Shows like Pam & Tommy and Dopesick, plus weird and wonderful Fox movies from decades past (Natural Born Killers, Fight Club just two edgy examples) have shredded the previous perception that it was just ‘‘you know, for kids’’.
And alongside fully exploiting virtually every potential beloved franchise it owns, it has now started ‘‘bringing home’’ some of its more popular US broadcast TV series, everything from Grey’s Anatomy to 9-1-1 and This is Us, as well as contemplating introducing a cheaper, advertisingfunded option for viewers.
TVNZ OnDemand
Which leads us to one of the major threats facing our state-owned broadcaster. The loss of some traditional and very popular US content (to Disney+ and Neon) has clearly forced it to look elsewhere and there has been a recent, increasing reliance on ITV and Paramount+ to provide fresh options (although that has resulted in recent hits like Halo and Secrets of Playboy).
Should Paramount+ decide to make a play for New Zealand (an Australian service has been running since August) then TVNZ could well be scrambling again.
Local content – especially reality series – will always be a strength, but who knows what the priorities will be of the newly formed entity that will come from the proposed merger with RNZ?
Apple TV+
Buoyed by Coda’s success at the Oscars, the future does look bright and star-studded for the technology king’s subscription service.
In the next 12 months there will be Henry Cavill and Bryce Dallas Howard-led spy thriller Argylle, Sundance-winning comedy Cha Cha Real Smooth, South Island-shot The Greatest Beer Run Ever and Martin Scorsese’s hotly anticipated Killers of the Flower Moon. New series include crime drama Black Bird and dark comedy Bad Sisters.

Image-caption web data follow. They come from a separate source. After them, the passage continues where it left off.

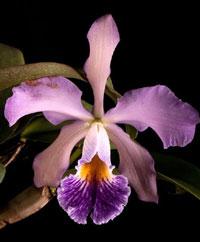 Cattleya Russeliana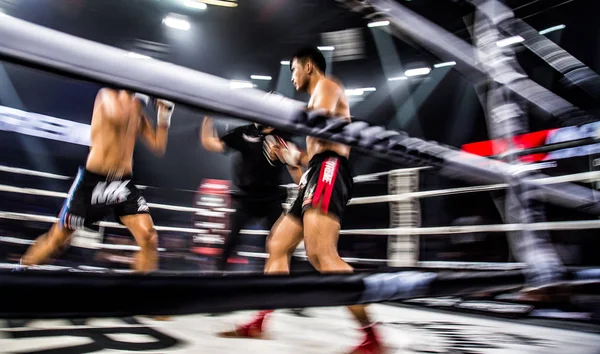 Tayland Bangkok Muay tay mücadele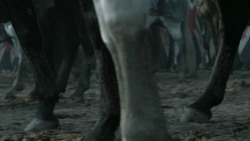 extant_GameOfThrones_6x09-BattleOfTheBastards_3316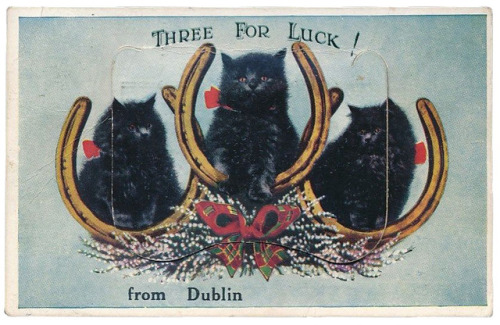 postcardtimemachine:Three for Luck! from Dublin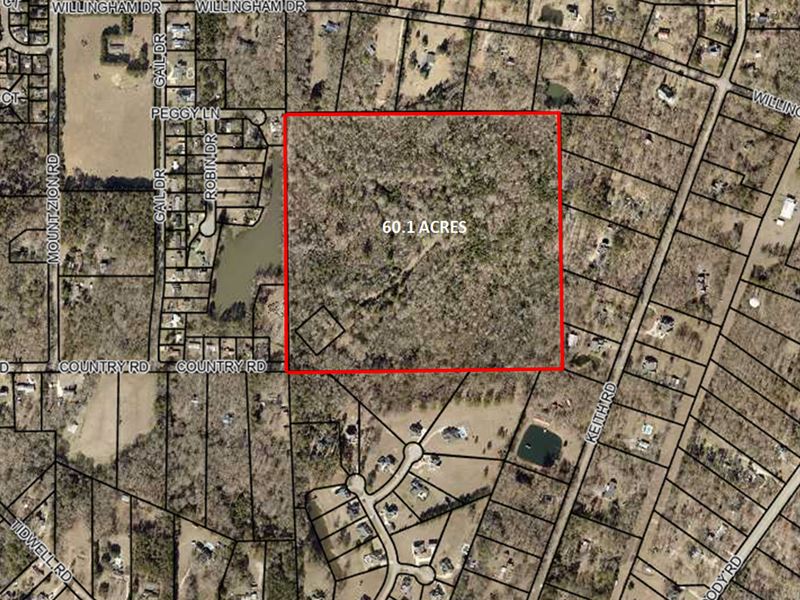 60.1 Acre Development Tract : Bonaire : Houston County : Georgia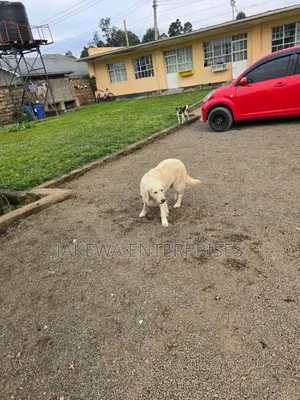 1+ year Male Purebred Golden Retriever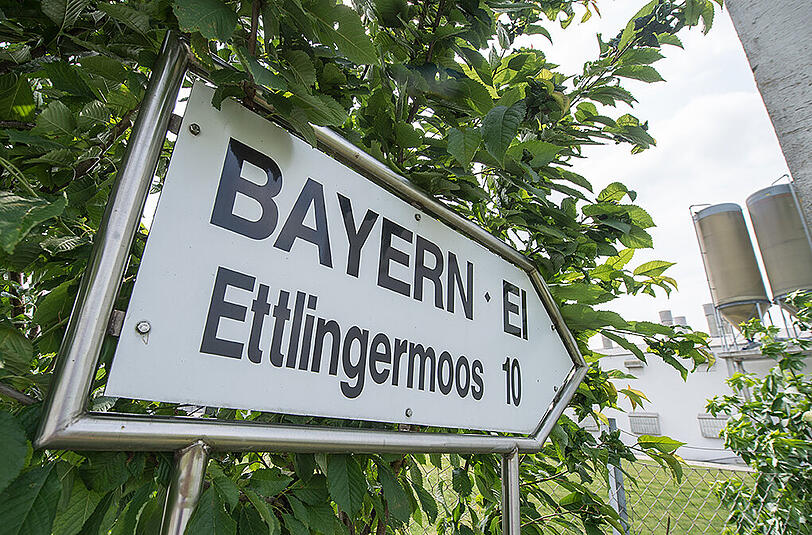 Das Betriebsgelände der Firma Bayern-Ei nahe Wallersdorf. Hier werden momentan keine Eier produziert.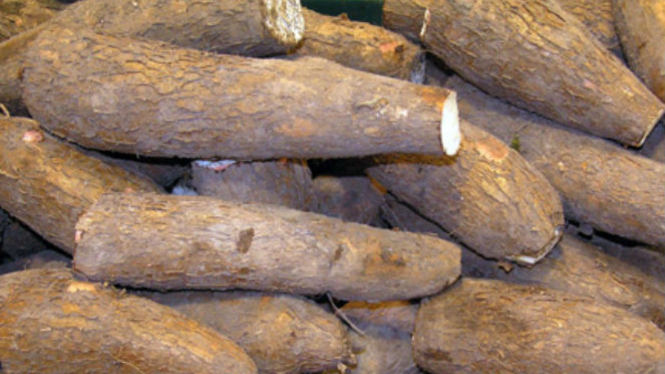 Singkong.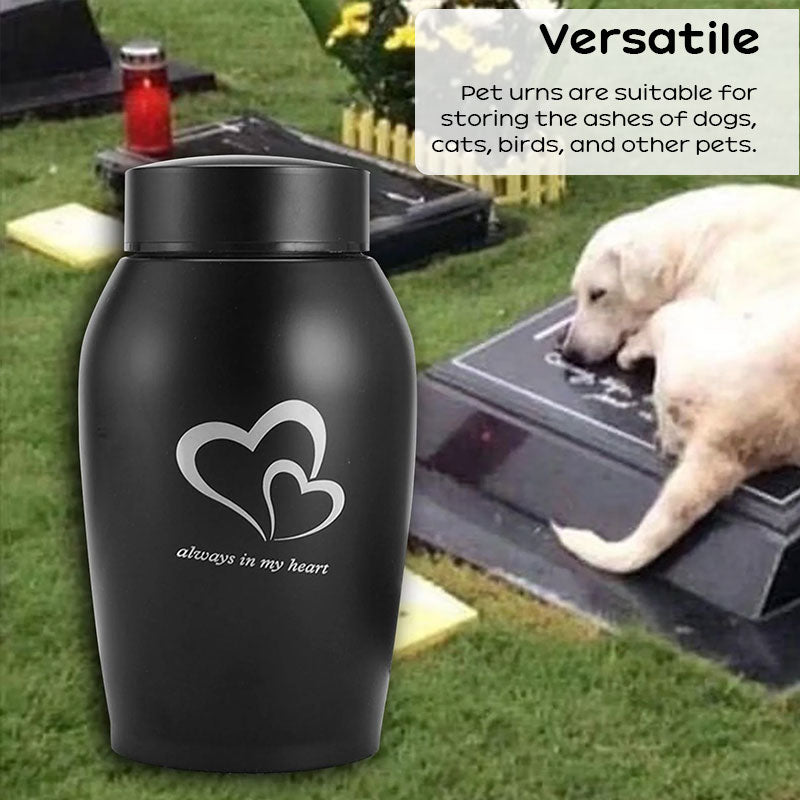 Urne Funéraire pour Animal de Compagnie – Acier inoxydable, 11 modèles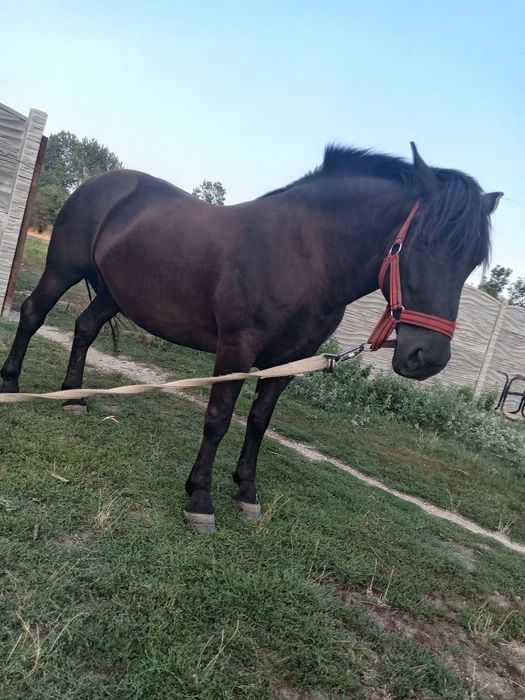 Iapă de 5 ani foarte cuminte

Free multi-month offers with every Apple product will continue to allow it to attract new viewers, and it recently started offering a services bundle (Apple One) which includes the company’s gaming and music offerings.
Neon
Still seen as consistently offering the international dramas that get New Zealanders binging and talking about (everything from Succession to Yellowjackets and Mare of Easttown in the past year), as well as an ever-changing small, but solid, range of new and classic movies, this Sky-owned streamer’s strengths are its local curation and mix of box sets and weekly episodes, often airing within hours of the US.
However, there has been an increasing dependence on the Warner’s empire (HBO, HBO Max and its other offshoots), something that could come back to haunt it when its present deal runs out (its length has been a closely guarded secret since it was signed in August last year).
ThreeNow
And that’s because the recently created Warner Bros. Discovery is the owner of this little service and its associated network TV channels.
Already we’ve started to see a subtle shift in the content, a few zeitgeisty documentaries here, a quality British or Australian drama there and definitely more Hollywood movies. But, while as a user experience it’s still more than a little clunky, imagine what the combined power might be of a global operation that owns everything from HBO and HBO Max to CNN, Animal Planet, Cartoon Network and Warner Bros. television, once the planets align (and existing contracts run out)?
Whether ThreeNow remains the flagship, or we see the arrival of HBO Max and/or Discovery+ it’s hard to know (although there is the precedent of Warner Bros. Discovery already stating that HBO Max will arrive in the UK, Germany, Ireland and Italy at the end of 2025, once its output deal with Sky’s equivalent in those countries runs out), but don’t bet against it shaking up and turning New Zealand’s streaming landscape on its head.